MHT-CET Maths · Line and Plane

Tetrahedron Geometry — Centroid, Volume, and Vertices

Average the four vertices to get a tetrahedron's centroid (or the three vertices for a triangle), reverse that average to recover a missing vertex or coordinate, and use one-sixth the scalar triple product to get a tetrahedron's volume — including the plane-cuts-the-axes volume of OABC.

All Line and Plane notes MHT-CET Maths strategy

Why this matters

This thin subtopic is pure plug-in: across the 9 PYQs here, only THREE shapes appear and every one is a one-line formula. The centroid shape (direct average, or the inverse: solve for a missing vertex/coordinate) is the most frequent and runs EASY-to-MODERATE. The volume shape is a single scalar triple product set equal to a given value and solved for one unknown coordinate. The third shape — a plane parallel to two given lines, cutting the axes — chains a cross product, the intercept form, and the product-of-intercepts volume of OABC. There are no proofs and no tricks: memorise the three formulas, watch the factor of 1/4 vs 1/3 and the 1/6 on the volumes, and the subtopic is yours.

Concept 1 of 3

Centroid of a tetrahedron and a triangle

Intuition

The centroid is just the average of the corner points: add up the vertices and divide by how many there are — 4 for a tetrahedron, 3 for a triangle. The same averaging, read backwards, lets you recover a missing vertex (or a missing coordinate) when the centroid is given.

Definition

For a tetrahedron with vertices $A, B, C, D$ , the centroid is the average of all four:

$G = \dfrac{A + B + C + D}{4}$ , i.e. $\left(\dfrac{x_A+x_B+x_C+x_D}{4},\ \dfrac{y_A+\cdots}{4},\ \dfrac{z_A+\cdots}{4}\right)$ .

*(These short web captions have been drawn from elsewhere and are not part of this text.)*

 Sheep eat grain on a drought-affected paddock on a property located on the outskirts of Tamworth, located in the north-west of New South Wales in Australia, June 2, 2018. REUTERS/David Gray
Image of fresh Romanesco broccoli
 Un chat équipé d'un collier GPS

For a triangle with vertices $A, B, C$ , divide by 3 instead:

$G = \dfrac{A + B + C}{3}$ .

Inverse use: if $G$ and all-but-one vertex are known, isolate the missing one — e.g. for a triangle $x_C = 3x_G - x_A - x_B$ (and likewise for a tetrahedron with the factor 4).

Centroid (tetrahedron and triangle)

G_{\text{tet}} = \dfrac{A + B + C + D}{4} \qquad G_{\triangle} = \dfrac{A + B + C}{3}

$A, B, C, D$ position vectors (or coordinate triples) of the vertices
$G$ centroid — the component-wise average of the vertices

Diagram · coordinate planes & octants (drag to rotate)

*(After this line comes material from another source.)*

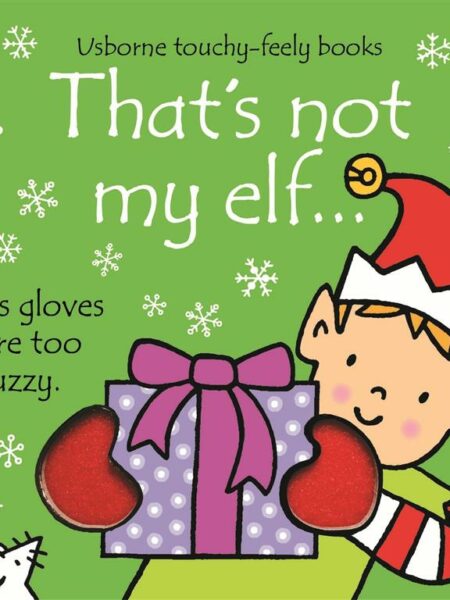 Usborne Touchy-feely books: That's not my elf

Three planes (XY, YZ, ZX), each splitting space in two → 2 × 2 × 2 = 8 octants. P sits in the first octant (all coordinates positive).

Worked example

Find the centroid of the tetrahedron with vertices

A(2,0,1)

B(0,4,-1)

C(2,2,2)

D(0,2,2)

Average the $x$ -coordinates: $\dfrac{2+0+2+0}{4} = \dfrac{4}{4} = 1$ .
Average the $y$ -coordinates: $\dfrac{0+4+2+2}{4} = \dfrac{8}{4} = 2$ .
Average the $z$ -coordinates: $\dfrac{1-1+2+2}{4} = \dfrac{4}{4} = 1$ .
So $G = (1, 2, 1)$ .

Answer:

G = (1, 2, 1)

Practice this conceptself-check · 4 quick reps

Try it yourself

Two vertices of a triangle are

A(2,3,-1)

and

B(0,1,5)

, and the centroid is

G(1,2,1)

. Find the third vertex

C

Practice — Level 1 (4 reps)

Quick reps to lock in the method. Try each, then check.

1.
Centroid of a tetrahedron divides the vertex sum by what number?
2.
Centroid of a triangle divides the vertex sum by what number?
3.
Tetrahedron centroid of $(0,0,0), (4,0,0), (0,4,0), (0,0,4)$ ?
4.
Triangle vertices $A(1,0,0), B(0,3,0)$ , centroid $(1,1,1)$ . Find $C$ .

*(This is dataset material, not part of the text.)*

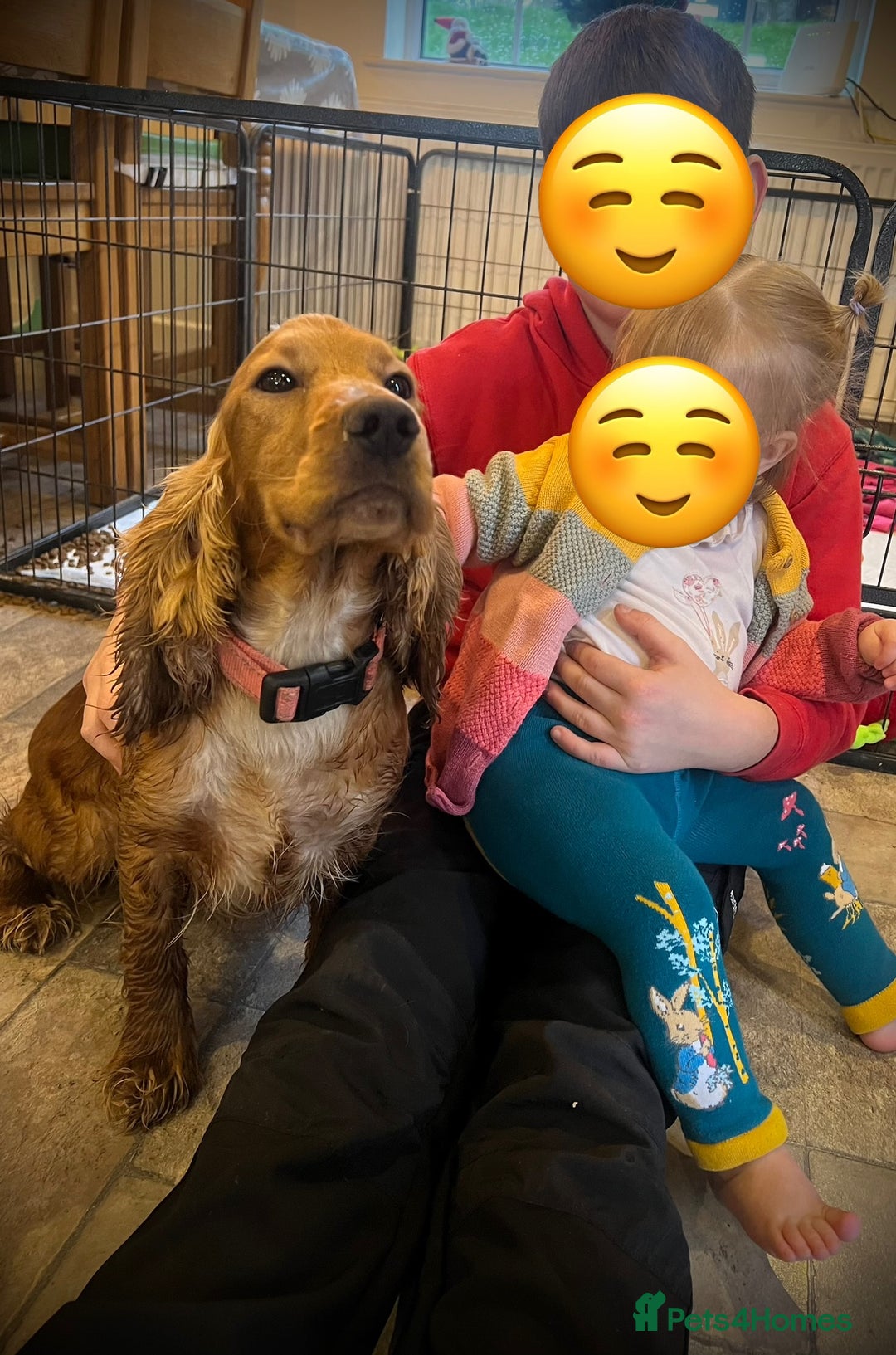 Cocker Spaniel dogs for sale: Show cocker spaniels  - Advert 19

From the bank · past-year question

Example 1Line and PlaneEASY

The centroid of tetrahedron with vertices at

A(-1,2,3)

B(3,-2,1)

C(2,1,3)

and

D(-1,-2,4)

[Q102 · 12th May Shift 1 · 2024]

Divide by 4 for a tetrahedron, by 3 for a triangle

The single most common slip: a four-vertex solid averages over 4, a three-vertex triangle over 3. Read the figure named in the stem — "tetrahedron" means

/4

, "triangle" means

/3

. Using the wrong divisor lands you on a tempting distractor every time.

Inverse problems: rearrange, don't re-guess

When the centroid is given and a vertex is unknown, multiply through by the divisor first:

x_A + x_B + x_C = 3x_G

, then subtract the knowns. Skipping the multiply-through step is where sign errors creep in.

Watch which coordinate the puzzle reuses

Some stems reuse a letter across the centroid AND a vertex (e.g. centroid

(r, q, 1)

with a vertex coordinate

q

). Match coordinates by POSITION, solve the chain in order, and don't conflate a centroid component with a same-named vertex component.

Drill 3 more on centroid of a tetrahedron and a triangle

Concept 2 of 3

Volume of a tetrahedron via the scalar triple product

Intuition

Pick any vertex as a base point and form the three edge vectors leaving it. The scalar triple product of those edges measures the volume of the parallelepiped they span; a tetrahedron is exactly one-sixth of that box. When one coordinate is unknown, set the volume equal to the given value and solve the resulting linear equation.

Definition

For a tetrahedron with vertices $A, B, C, D$ , build the three edges from $A$ : $\overrightarrow{AB}, \overrightarrow{AC}, \overrightarrow{AD}$ . Then:

Volume $V = \dfrac{1}{6}\,\big|\,[\,\overrightarrow{AB}\ \ \overrightarrow{AC}\ \ \overrightarrow{AD}\,]\,\big|$ , where the bracket is the scalar triple product — equal to the $3\times 3$ determinant of the three edge rows.
The absolute value is taken because volume is non-negative (the determinant's sign only records orientation).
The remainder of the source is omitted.